National Team Match:


Japan 2 - 3 Saudi

Date:
July 25, 2007

Location:
Vietnam

Japan 2

1 1H 1
1 2H 2

3 Saudi Arabia

Yuji Nakazawa (37')
Yuki Abe (53')
Scoring Yasser Al-Qahtani (35')
Malek (47')
Malek (57')

Cautions

Yoshikatsu Kawaguchi, Akira Kaji (Naotake Hanyu 75), Yuji Nakazawa, Yuki Abe, Yuichi Komano, Keita Suzuki, Kengo Nakamura (Kisho Yano 87'), Shunsuke Nakamura , Yasuhito Endo, Seiichiro Maki (Hisato Sato 68'), Naohiro Takahara
TBA


12 months on, and what has changed?

Japan still has a coach who selects players on the basis of personal loyalty and favoritism rather than footballing logic, actual performance and current form

Japan still has a coach who seems incapable of recognizing when he makes a mistake ,and doing something to correct it, rather than making the same mistakes over and over and over, like some neurotic rat running down the same blind alley of a maze over and over and over again.

Japan still has players who seem incapable of shooting the ball when given the opportunity. Better to pass off to another teammate and let them take the blame for failure.
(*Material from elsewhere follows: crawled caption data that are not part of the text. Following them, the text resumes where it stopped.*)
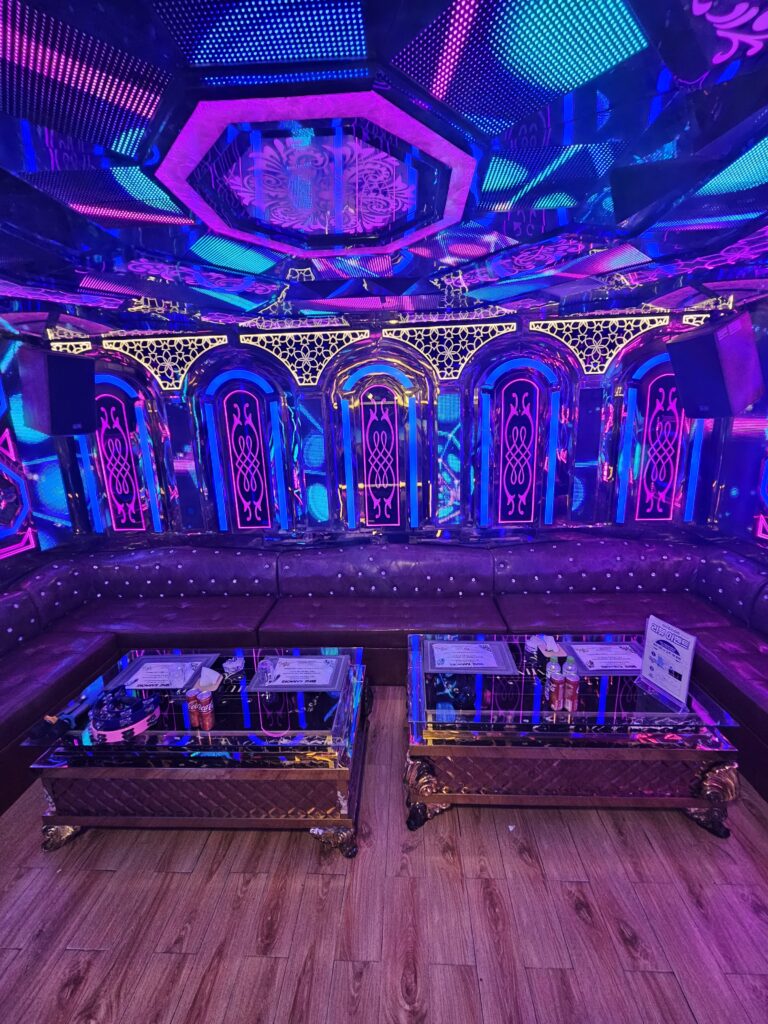 다낭 가라오케 아치형 룸 Danang karaoke arch design room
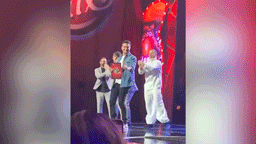 Скачут и танцуют все! Зеленский станцевал на сцене "Лиги смеха" и снова поцеловал Кошевого в лысину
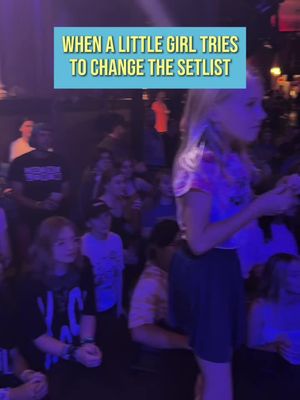 Danali is BACK! We’ll be taking setlist requests from her only from now on. 🎥: @Jessica Levy 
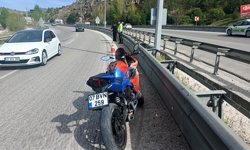 Motosikleti devrilince yaralandı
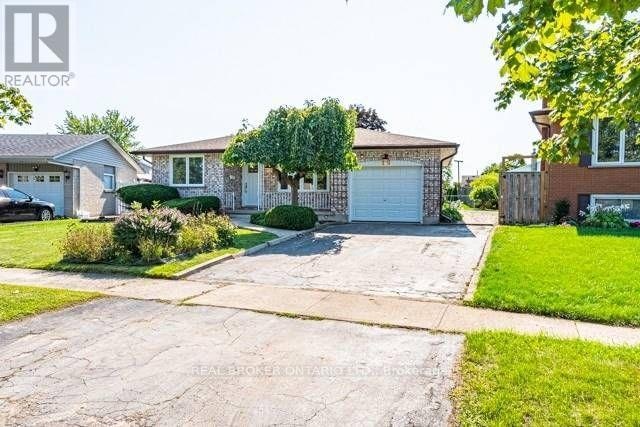 UPPER-19 Argyle Court, Welland, ON, L3C 6J1 - 2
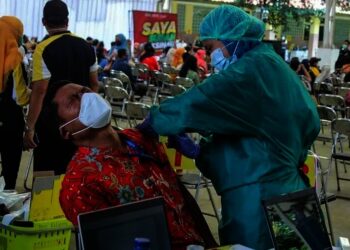 Vaksinasi Petugas Pelayanan Publik Dan Guru di Kota Tangerang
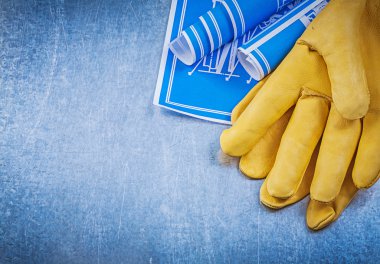 Emanet eldiven ve inşaat çizimleri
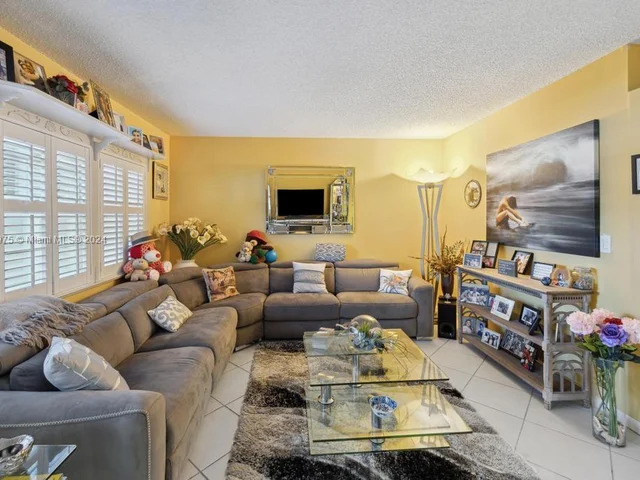 1011 Newport G # 1011, Deerfield Beach FL 33442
Japan still has the ability to outplay an opponent from start to finish of a match, from a technical standpoint, yet lose the result because the other team posesses the emotional commitment, determination and killer instinct that Japan fails to even comprehend, much less develop

In short, after 12 months of effort, Japan finds itself EXACTLY where it was at the end of World Cup 2006.

Perhaps these are simply problems that are ingrained in the character, and the team will never be able to overcome them regardless of who is the coach. If that is the case, then it really doesnt matter. Muddling along for another three years wont affect the final outcome in any way.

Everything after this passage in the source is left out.